Само название романа вызывает двуединое представление: диалог как самостоятельный литературный жанр (вспомним «Диалоги» Платона, например, или «Племянник Рамо» Дидро и более поздние) и диалог как важнейшее выразительное средство художественной речи, ставшее неотъемлемым качественным свойством нового, современного романа — диалогичностью. Поиски истины в сопоставлении и столкновении двух точек зрения, двух мнений, двух «правд» — именно так во многом строится Гарднером роман.

В интервью, данном весной 1977 года, писатель высказался в том смысле, что в нем живут два человека: республиканец из штата Нью-Йорк, консерватор по натуре; в другом есть что-то от богемы, тот не желает мириться с существующими социальными формами. И когда Гарднер обнаруживает в жизни ситуацию, которая выражает «эту войну в моей собственной личности», возникает замысел романа. Признавая этот субъективно-психологический фактор, невозможно не видеть, что диспуты шефа полиции Кламли и молодого анархиста по прозвищу Солнечный, которого он должен выследить, вскрывают характерные моменты в общественно-нравственном бытии США. Смысл их тайных бесед выходит за рамки непосредственно описанной ситуации, воссоздающей накаленную обстановку в Штатах конца 60-х годов, когда страна стояла едва ли не на пороге второй гражданской войны. Кламли охраняет существующий общественный порядок, воплощает закон и власть как нечто устойчивое, хотя бы внешне. Солнечный же — воплощение бунта, неограниченной свободы мысли, воображения, поведения, он и возвращается-то в родную Батейвию, чтобы все тут перевернуть, «взорвать». Гарднер не отдает предпочтения ни одной из сторон: ни закосневшей системе, ни анархическому активизму. В стране, где бездна «горя, и безнадежности, и ярости», как говорится в романе, механистичное «либо — либо» бесплодно.

К такому же итогу приходит и пресвитерианский священник Пик в рассказе Гарднера «Долг пастыря». Пик пытается пробудить своих прихожан от умственной спячки, от безразличия ко всему лежащему вне круга их узколичных интересов. Но он вызывает недовольство своей паствы чересчур вольными речами с кафедры и к тому же не осуждает молодого бомбиста, объявившегося в Карбондейле.

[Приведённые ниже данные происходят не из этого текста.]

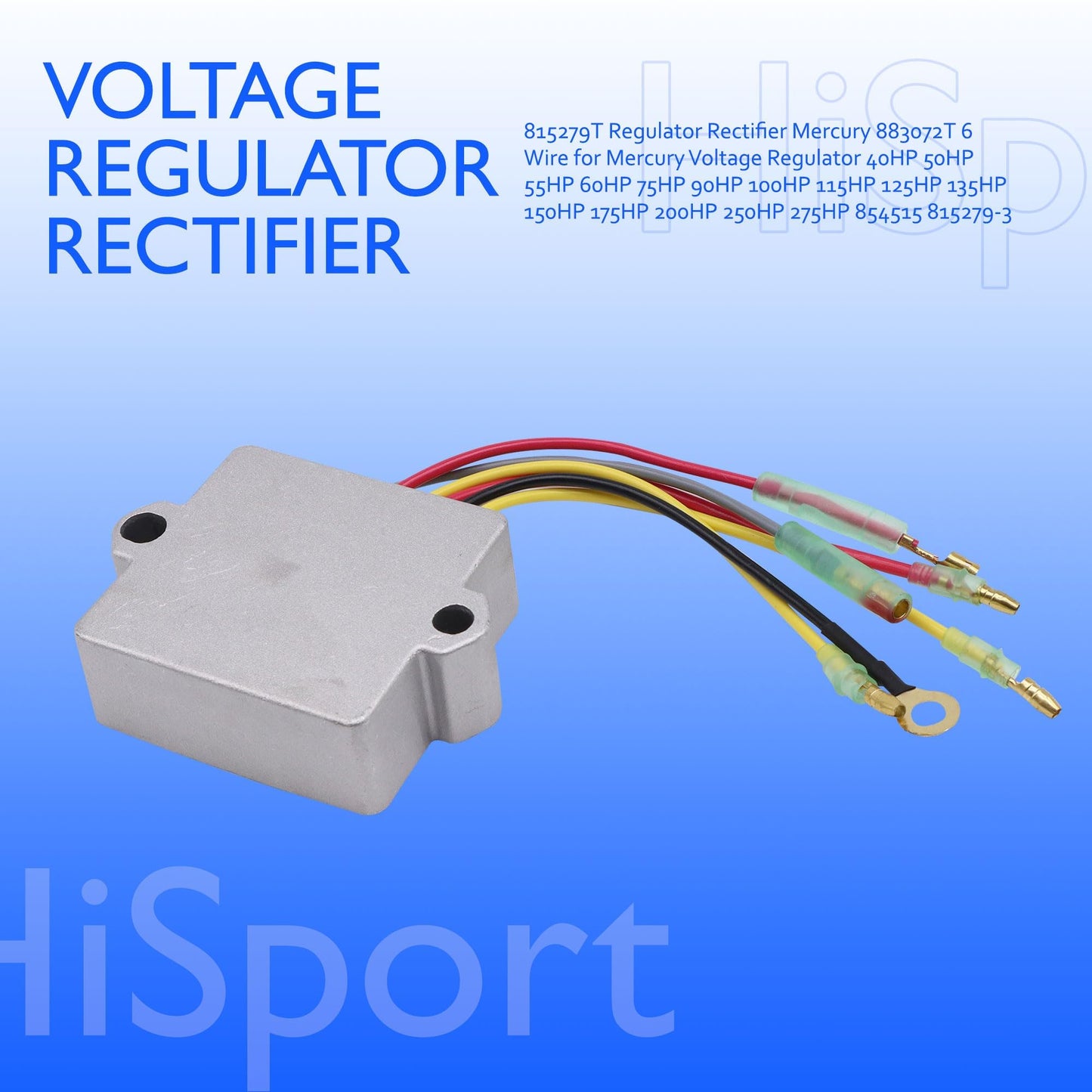HiSport 883072 Regulator Rectifier Compatible with mercury 40 50 55 60 125 135 150 1992, 1993, 1994, 1995, 1996, 1997, 1998 HP outboard 75 90 100 115 1989-2000, 2001, 2002, 2003, 2004, 2005, 2006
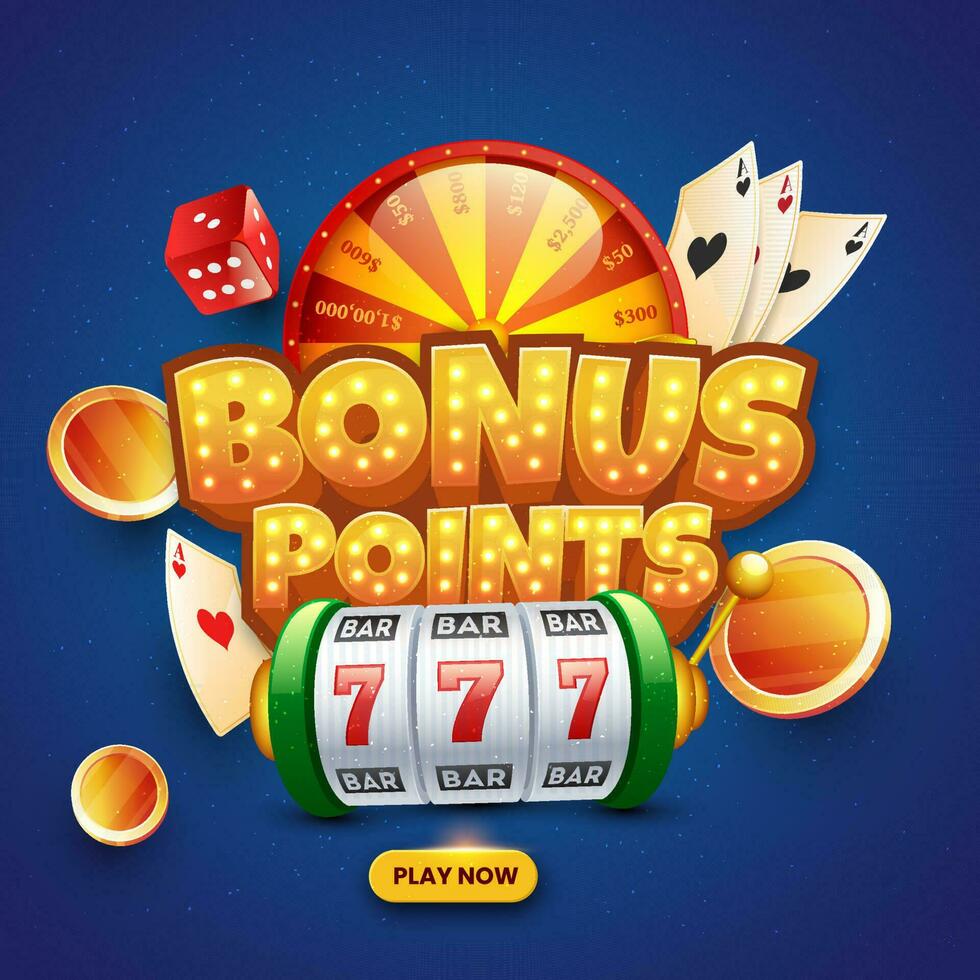 3D Golden Bonus Points Font In Marquee Lights And Casino Elements On Blue Background. vector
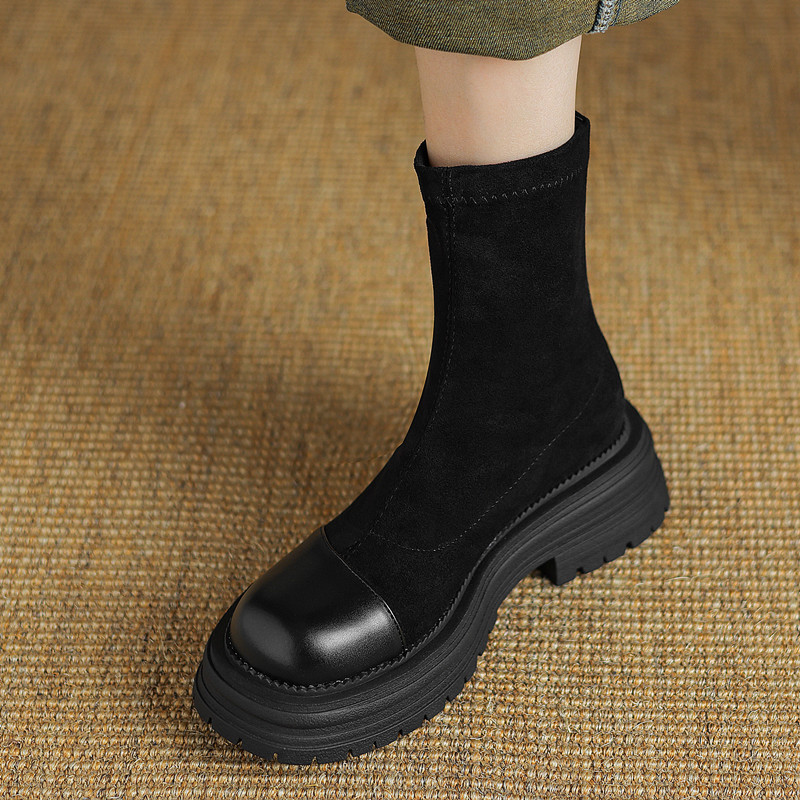 后拉链绒面拼接弹力瘦瘦短靴女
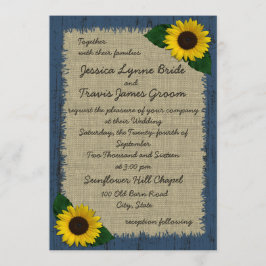 Invitación Boda de Barnwood y Sunflower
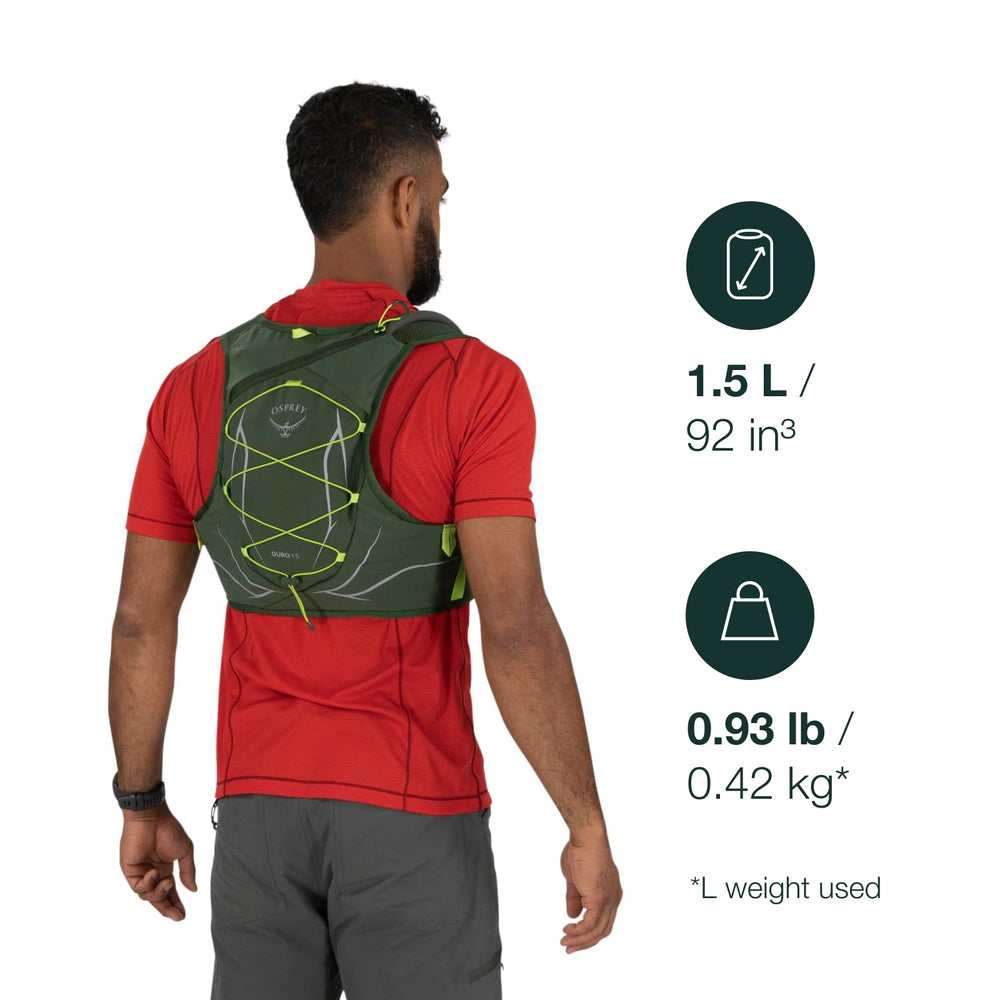 Osprey Duro vest fit-profile showing slim, bounce-free silhouette.
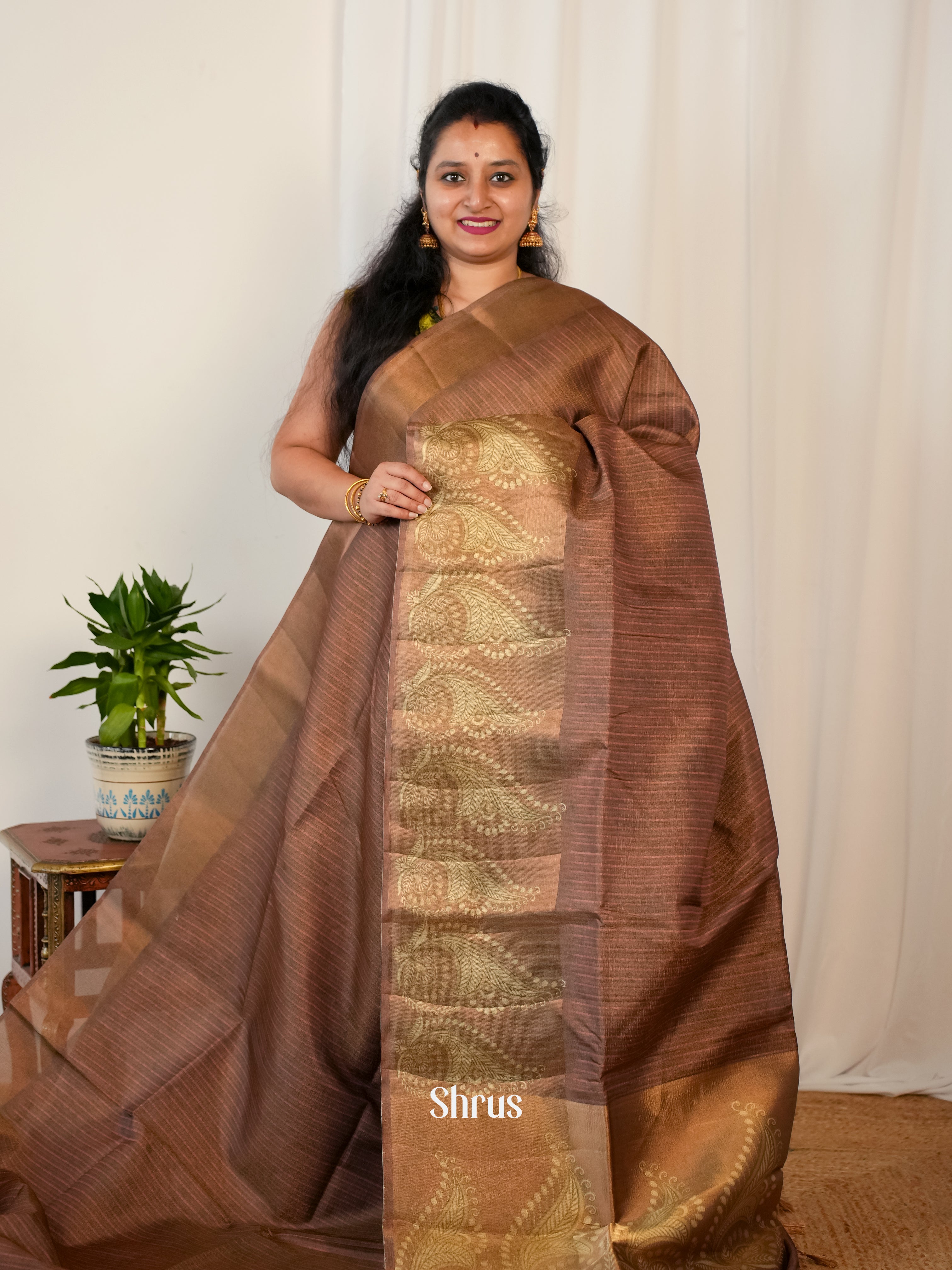Brown - Matka Cotton Saree - Shop on ShrusEternity.com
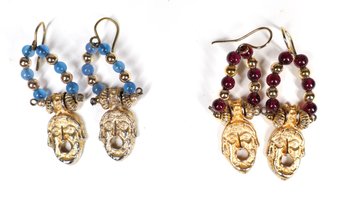 Lot Of (2) Pairs Of Beaded Earrings With Face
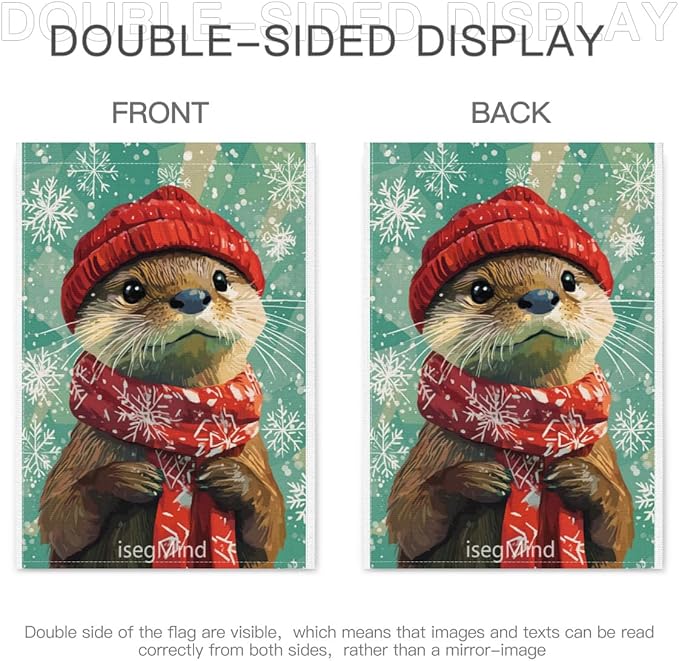 Otter with Red Scarf and Hat Snowflake Christmas Garden Flag, 28x40 Inch Double Sided Linen Holiday Red Winter Farmhouse Yard Outdoor Decoration (4329)
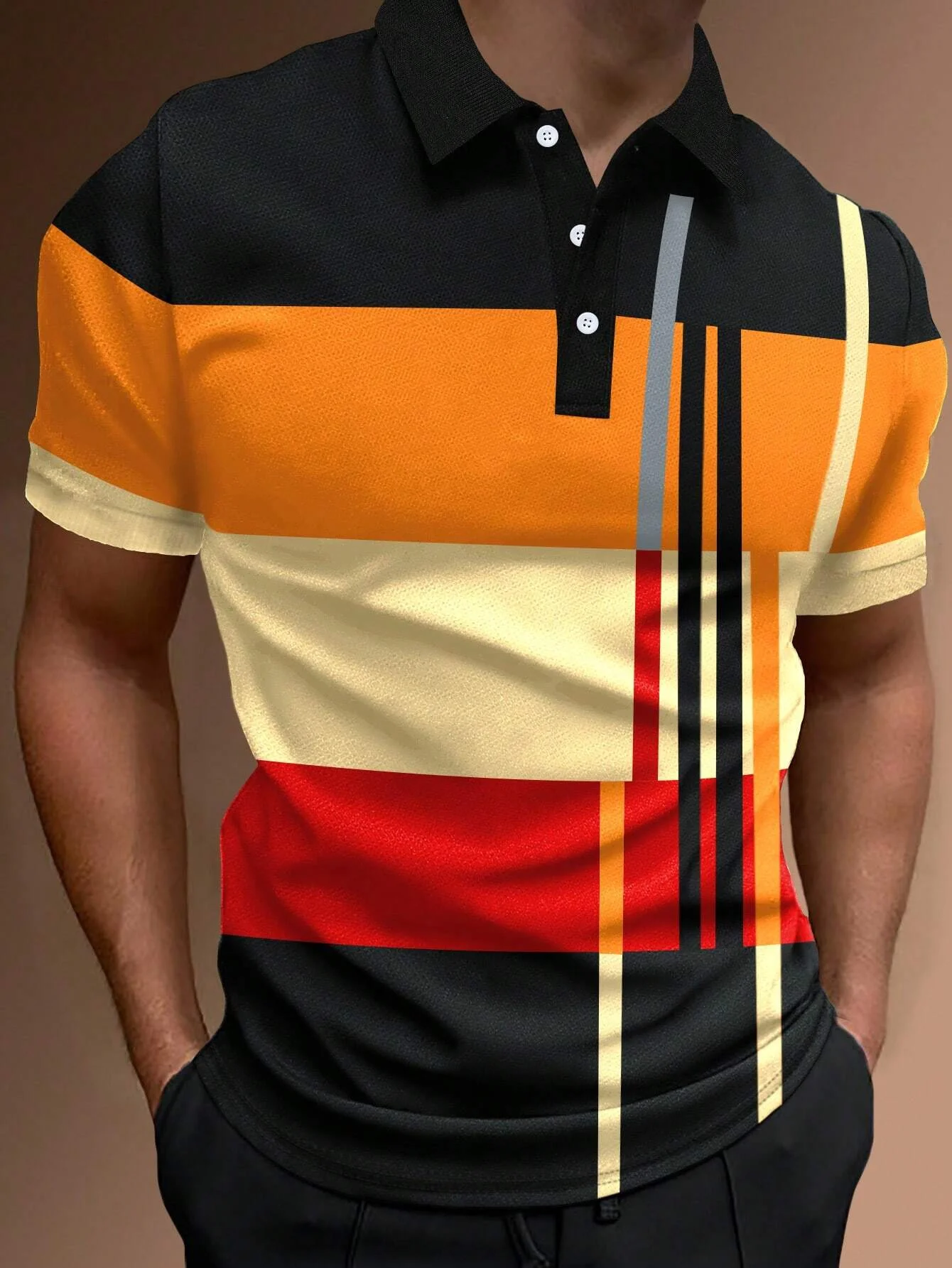 2024 Fashion Striped Print Polo Shirt Summer Men Vintage Clothing High Quality Casual Tops Tees Fashion Button Lapel Camiseta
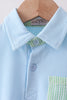 Blue pocket button down shirt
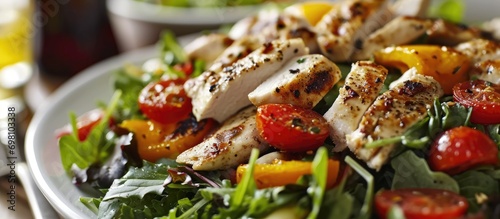 Delicious and healthy chicken salad with roasted veggies and greens.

Он переживает глубокий кризис веры, чувствует недостаточность христианских заповедей перед зрелищем пропасти, разверзшейся между местными обывателями и этим голубоглазым — как и Солнечный — чужаком-экстремистом.

…Несмотря на первые тревожные сигналы, рассылаемые автором по тексту, начальные главы «Никелевой горы» воспринимаются все же как благостные, если не банальные. Генри Сомс берет в жены Кэлли, «соблазненную и покинутую» Уиллардом, и признает за своего чужого ребенка. Сыграло свою роль повседневное общение с молоденькой сметливой помощницей — где тут устоять одинокому мужчине. И все же им движет скорее не влечение, а сострадание: как бедняжке найти выход из создавшегося положения.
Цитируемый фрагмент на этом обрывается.